I kind of laugh at it now. It used to be GLBT (Gays, Lesbians, Bisexuals, and Transgendered). Then, according to what I've been told, there was some event somewhere (I think Chicago) where lesbians were angry over the G coming before the L. They threatened to walk out. So it was changed to LGBT. That could be an urban legend, but that's the story I heard - and the reason it is now LGBT. Later on I and Q were added for Intersexed and Questioning.

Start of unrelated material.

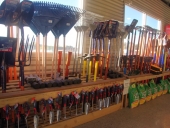 18_shovels_rakes_mattoks_garden_tools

I'm waiting for more letters to show up, we need at least one more: "A" for Allies. :P

LGBTIQA! (Pronounced: Lug-be-tick-a!)

Yes, it's crazy - I know. By the time I'm in my nineties we're going to just start with A and end with Z, and call it the queer alphabet.

A - Stands for Allies
B - Stands for Butches
C - Stands for Cubs
D - Stands for Daddies
E - Stands for "...umm... Mommy, can I say this word?" :P

In all seriousness, in casual conversation with friends I just use the term "queer." I kind of hate labels, but humans are a tribal species so we're constantly trying to put people into their proper box. I use queer as an inclusive term - short hand for anyone who would normally fall within the GLBT++++ group. Then I refer to straights as "queer allies" and such. On the other hand, I know some older gays and lesbians shudder when they hear the word – in the minds of some, it's the near equal to fag and fagot. That's changed over time though, but it depends on who uses it and in what context. It's okay, in my view, for a straight woman to identify herself as being "a part of the Queer community fighting for Queer causes."

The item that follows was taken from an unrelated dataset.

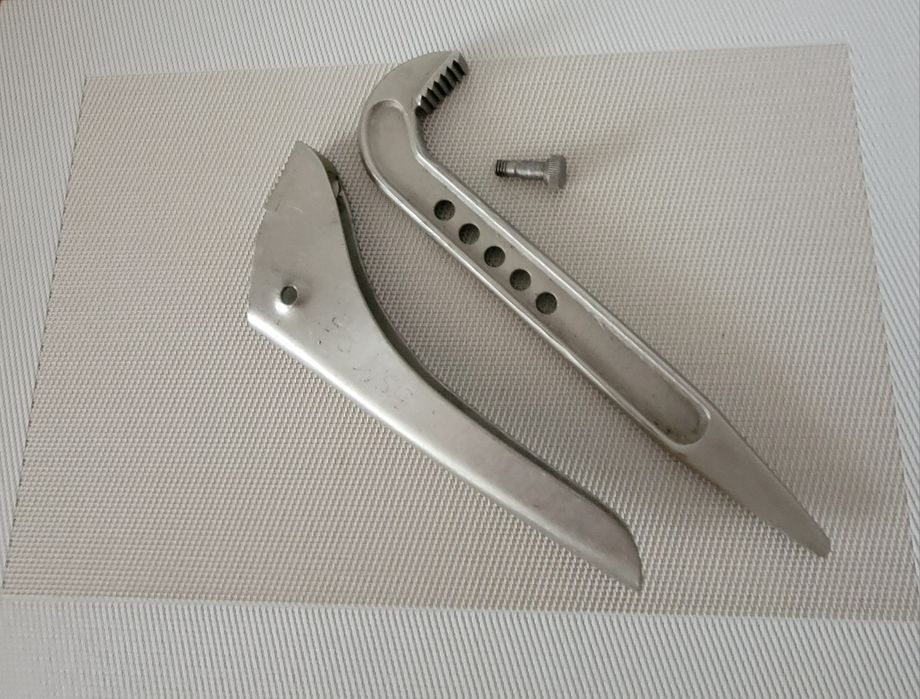 Hydrauliczny klucz typu "żabka"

I like to cast the broadest net possible, because I do feel that our community has a tendency to be difficult for 'outsiders' to penetrate. Straights often feel uncomfortable confronting gay people, as you and the OP did here, afraid that you'd be met with hostility. When you've spent a lifetime of being slapped in the face, when a stranger holds out their hand to shake yours, it is only natural that you recoil or steel yourself in preparation for the slap. Sadly, past events are not indicative of future events, and if we build a giant wall to protect ourselves all we do in the process is keep potential allies out.

If you have any questions, but don't feel comfortable asking them in the open forum feel free to private message me. I'll answer them to the best of my ability.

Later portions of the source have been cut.